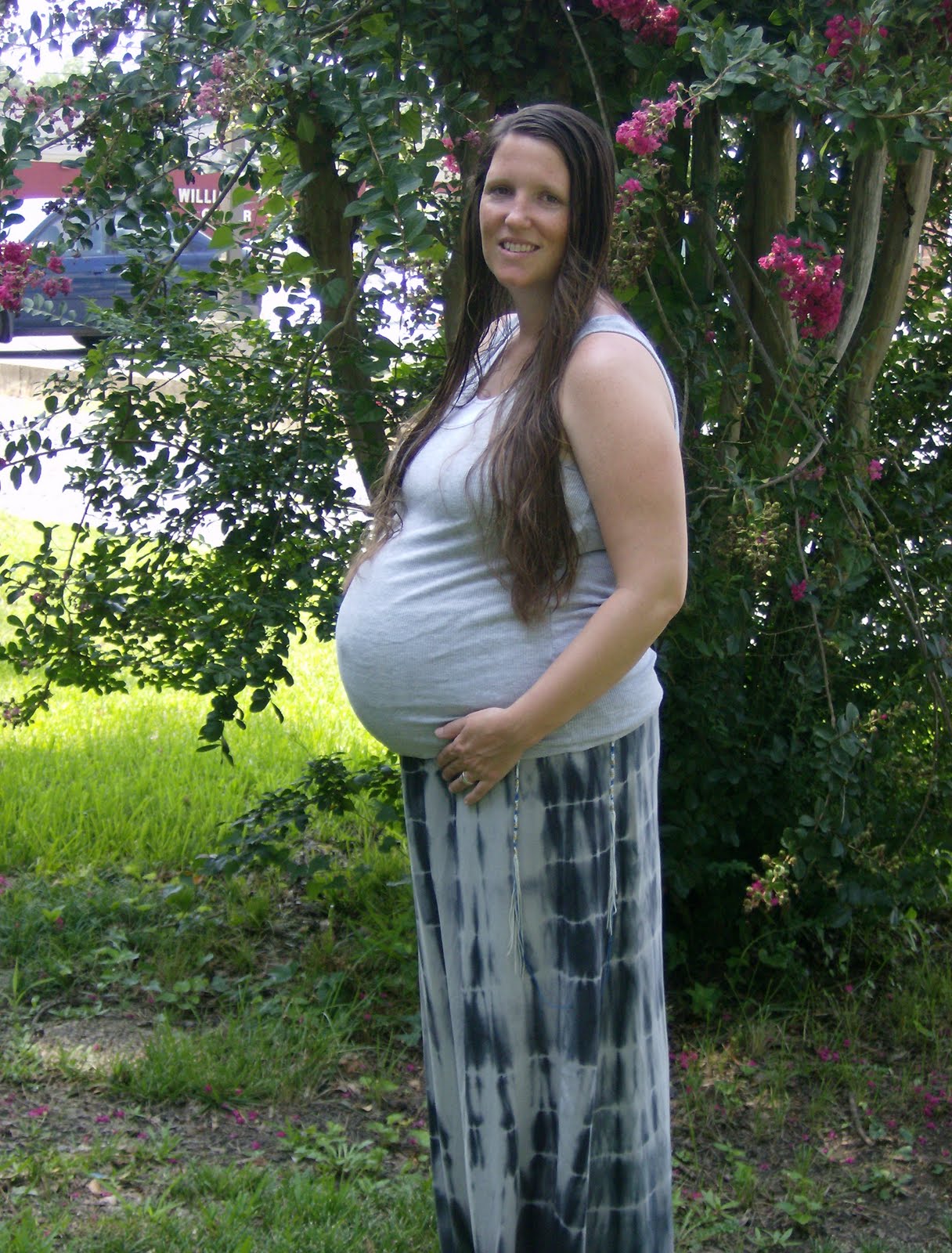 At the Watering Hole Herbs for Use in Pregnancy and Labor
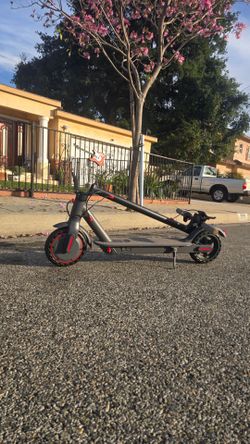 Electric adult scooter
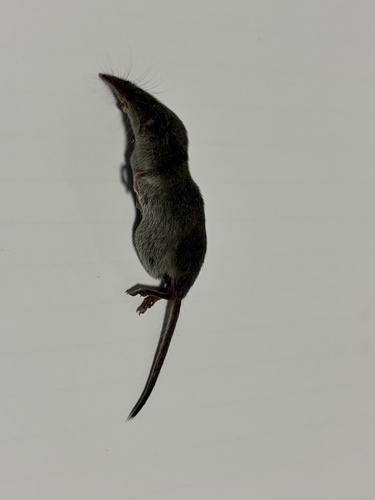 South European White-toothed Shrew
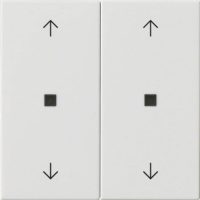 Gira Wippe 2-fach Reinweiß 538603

---

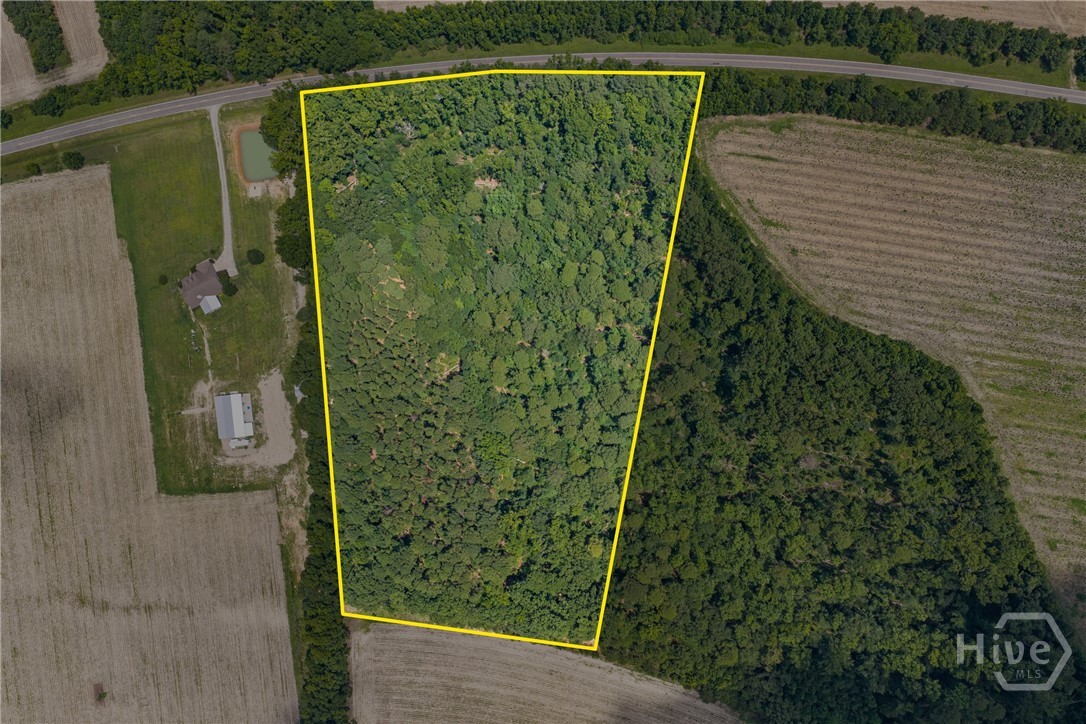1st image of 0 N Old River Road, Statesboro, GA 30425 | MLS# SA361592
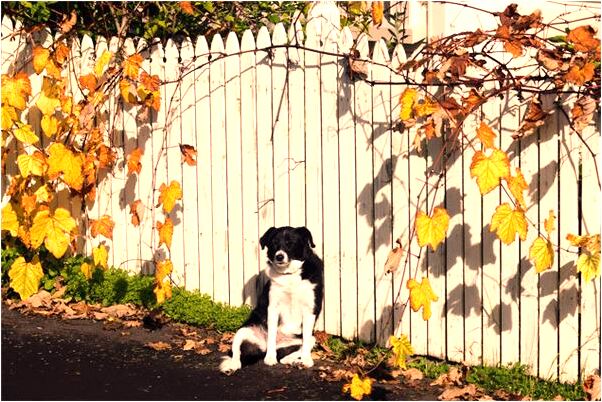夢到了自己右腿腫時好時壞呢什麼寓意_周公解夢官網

---

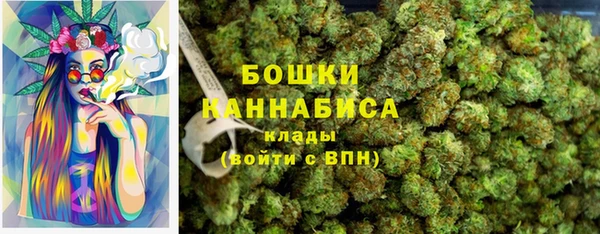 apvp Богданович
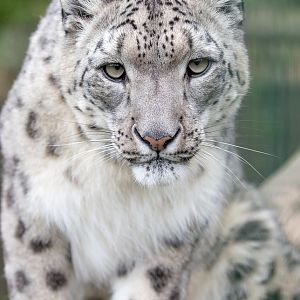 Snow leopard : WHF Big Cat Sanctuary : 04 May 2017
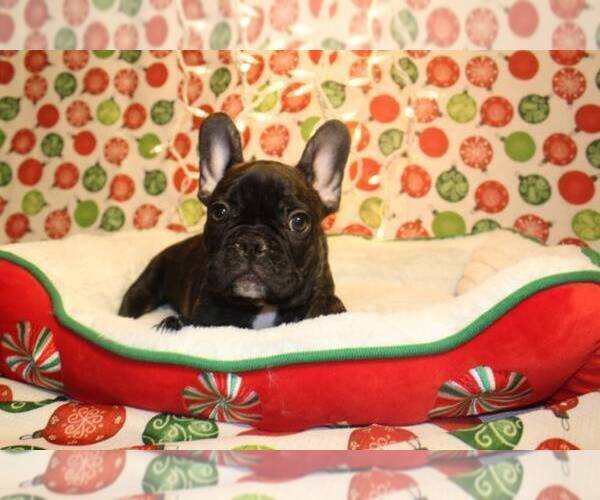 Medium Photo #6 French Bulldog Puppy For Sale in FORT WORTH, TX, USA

Exercise description:
The copy should hold only the lines from the one with "South European White-toothed Shrew" through the one with "Gira Wippe 2-fach Reinweiß 538603", exactly as they stand above. Leave out the pictures.

Answer for this exercise:
 South European White-toothed Shrew
 Gira Wippe 2-fach Reinweiß 538603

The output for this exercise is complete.